Architecture Best Practices
Follow the AKS Baseline. Don't invent your own architecture. Microsoft tested this at scale with hundreds of enterprise customers.
The AKS baseline architecture
The AKS Baseline is Microsoft's reference architecture for production Kubernetes. It covers networking, identity, security, operations, and deployment patterns. Start here, then customize.
Start with the baseline, then customize for your needs. Not the other way around. Teams that design from scratch inevitably rediscover every problem the baseline already solved.
Key architectural principles
| Principle | Implementation | Why |
|---|---|---|
| Private API server | --enable-private-cluster | Control plane not exposed to internet |
| Workload Identity | Federated identity, no secrets in pods | Zero stored credentials, auto-rotation |
| Network policies | Calico or Azure NPM, default-deny | Lateral movement prevention |
| Availability Zones | 3 zones for all node pools | Survive datacenter failure |
| GitOps | Flux or ArgoCD for deployments | Auditable, repeatable, recoverable |
| Managed Identity | System + User assigned identities | No service principal secrets to rotate |
Hub-spoke network topology
The hub contains shared services (Azure Firewall, Bastion, DNS). Each spoke is an isolated workload environment. AKS lives in its own spoke with a dedicated subnet for pods and another for nodes.
Baseline components
# The baseline includes all of these. Don't skip any for production:
- Azure Firewall (egress control)
- Azure Application Gateway + WAF (ingress)
- Azure Container Registry (private, geo-replicated)
- Azure Key Vault (secrets, certs)
- Azure Monitor + Log Analytics (observability)
- Microsoft Defender for Containers (security)
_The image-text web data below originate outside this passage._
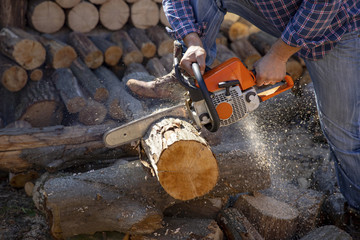 The worker works with a chainsaw. Chainsaw close up. Woodcutter saws tree with chainsaw on sawmill. Chainsaw in action cutting wood. Man cutting wood with saw, dust and movements.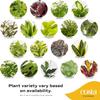 Costa Farms Live Indoor Plant Bundle in Plastic Pots, Easy to Maintain, Air Purifying Houseplants, Assorted Varieties, Room or Home Decor, House Warming Gift, 8-12 Inches Tall, Pack of 6 view 3
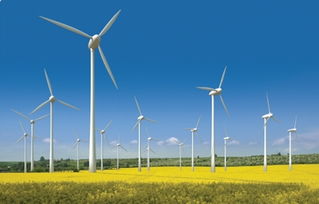 世貿(mào)通引領(lǐng)綠色能源新篇章 美國內(nèi)華達(dá)州太陽能發(fā)電項(xiàng)目正式發(fā)布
- Azure Policy (governance)
- Private DNS Zones (name resolution)
Skipping Azure Firewall for egress means your cluster can reach any internet endpoint. One compromised pod can exfiltrate data anywhere. The firewall adds cost but is non-negotiable for regulated workloads.
Microservices on AKS
| Decision | Recommendation |
|---|---|
| Namespace strategy | One namespace per service team |
| Resource isolation | ResourceQuotas per namespace |
| Network boundaries | NetworkPolicies between namespaces (default-deny) |
| Service communication | In-cluster DNS for internal, HTTPS for external |
| Secrets | External Secrets Operator + Key Vault, never Kubernetes Secrets directly |
| Configuration | ConfigMaps for non-sensitive, Key Vault for sensitive |
# Resource quota per team namespace
apiVersion: v1
kind: ResourceQuota
metadata:
name: team-quota
namespace: payments-team
spec:
hard:
requests.cpu: "20"
requests.memory: 40Gi
limits.cpu: "40"
limits.memory: 80Gi
persistentvolumeclaims: "10"
services.loadbalancers: "2"
Anti-patterns to avoid
- Public API server -- Your control plane is on the internet. Use private cluster.
- Single namespace for all workloads -- No isolation, no quotas, one team can starve another.
- Service principals with secrets -- Use managed identity. Secrets expire and leak.
- No network policies -- Every pod can talk to every other pod. One breach compromises everything.
- Deploying directly with kubectl -- No audit trail, no rollback, no reproducibility. Use GitOps.
- No egress filtering -- Compromised pods can phone home to any C2 server.
The AKS Baseline reference implementation is fully deployable. Clone the repo, customize parameters, deploy. Don't build from scratch.